Aveva il potere inverso a quello dei grandi affabulatori: sapeva come far affabulare gli altri su sé stessi, perché tutti gli raccontavano tutto. E aveva quindi un potere corale e spettacolare, ma anche politico, unico perché era al corrente di tutto: dei partiti, dell’arte, del mondo dello spettacolo. La sua arte consisteva nel sapersi destreggiare fra gli intrighi altrui e tra i talenti, con la sua capacità di estrarre il meglio e il peggio degli ospiti, ma sempre l’inaspettato. Mise al mondo pubblico personalità che non erano alla ribalta.

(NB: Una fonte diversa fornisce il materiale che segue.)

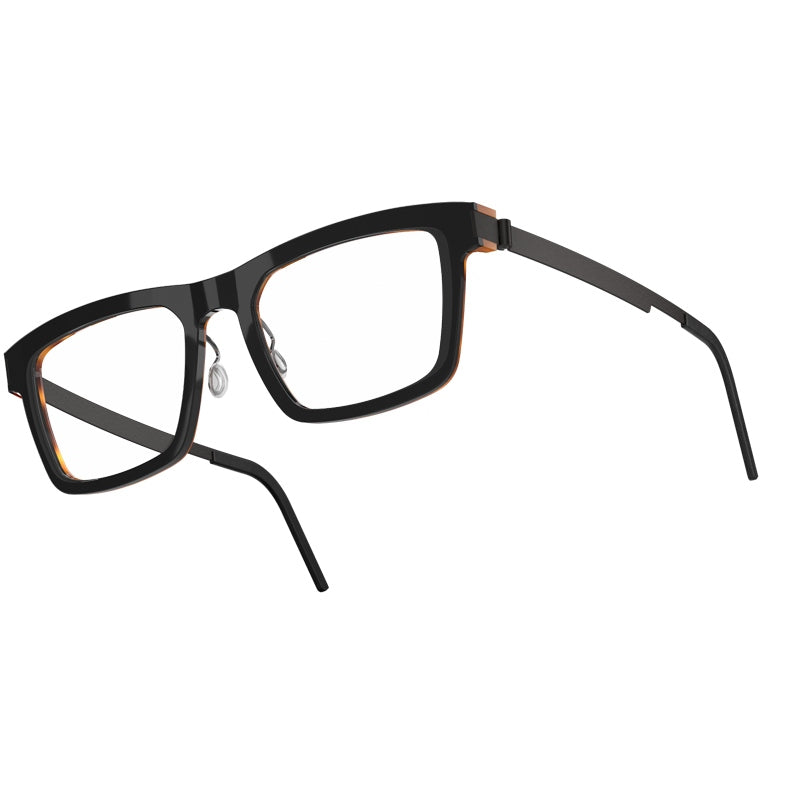 Brille LINDBERG, Modell: 1268 Farbe: AK77K201U9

Personalmente, ricordo con il giorno in cui invitò al suo show me e mia figlia Sabina appena diplomata all’Accademia d’arte drammatica.
Maurizio incardinò su di noi una commedia sulle beffe ai politici di allora, ma più che altro il modo affettuoso con cui presentò al suo pubblico Sabina e me come inedita coppia di padre e figlia: venne fuori uno spettacolo che mi procurò fra l’altro il piacere di una straordinaria lettera di Pupi Avati. Costanzo era ed è rimasto fino all’ultimo un modernissimo Mangiafuoco che sapeva trasformare in spettacolo eventi ed esseri umani. Ma al tempo stesso era genialmente esperto dei giochi politici, sapeva navigare in un mare di squali senza farsi mai azzannare e quando Berlusconi acquisto la rete che lo conteneva lui si lasciò acquistare ma non esattamente comperare e in questo furono entrambi geniali, sia lui che Berlusconi perché riuscirono a sommare due diversi successi senza perdite ma anzi con grande vantaggio.

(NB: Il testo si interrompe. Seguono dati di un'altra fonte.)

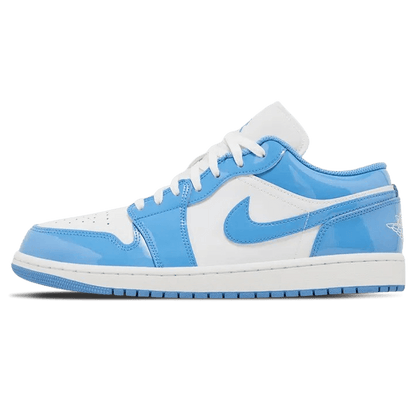 Air Jordan 1 Low SE 'Legend Blue' - Kick Game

In genere Costanzo viene lodato moltissimo per il suo impegno antimafia che era certamente autentico. Dubito che la mafia soffrisse realmente del suo impegno civile. Quando fu indicato come obiettivo di un attentato con auto imbottita di tritolo davanti al Teatro Parioli, la teoria della guerra dichiarata allo Stato da Cosa Nostra fu fortemente promossa, per poi promuovere la successiva teoria della trattativa fra Stato e mafia, che ebbe probabilmente il potere di dirottare per anni l’attenzione da altri scenari di connubi mafiosi e politici. Era certamente un giornalista coraggioso e ieri anche Silvio Berlusconi, suo editore, gli ha dedicato un’epigrafe con queste parole. Vittorio Sgarbi ha detto che “è morto nostro padre”.

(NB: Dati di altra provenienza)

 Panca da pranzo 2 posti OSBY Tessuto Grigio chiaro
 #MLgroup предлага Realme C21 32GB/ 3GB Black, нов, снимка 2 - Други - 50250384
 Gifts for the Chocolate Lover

Ma benché fosse coraggioso e a tratti anche spavaldo nello sfidare forze occulte, la vera qualità che ha fatto di lui uno storyteller è che sapeva spingere i suoi ospiti a essere storyteller di sé stessi. Di conseguenza tutto il suo show è stato sempre vincente perché partendo dalla radio, il suo primo e forse più energico strumento di comunicazione, Costanzo ha sempre parlato tutte le lingue altrui facendo del suo teatro qualcosa di simile a quel che faceva Ennio Flaiano, di cui pure fu grande amico. E poi ha saputo parlare di amore e di sesso con grazia sfrontata e licenza di non conformismo.
La sua diffusione di un messaggio di non differenza negli atteggiamenti sessuali precede la banalità che oggi prevale nella materia fluid gender: in tempi non sospetti ebbe il coraggio di dire che se avesse avuto pulsioni sessuali verso un uomo non avrebbe esitato a seguirle. Muore con Maurizio Costanzo una figura che non ha mai avuto uguali in Italia; un maestro di comunicazione ma dotato dell’arte di comprendere e rispettare persino i pregiudizi altrui. Non era un educatore ma sapeva sia stare nel mainstream che uscirne fra gli applausi per poi rientrare.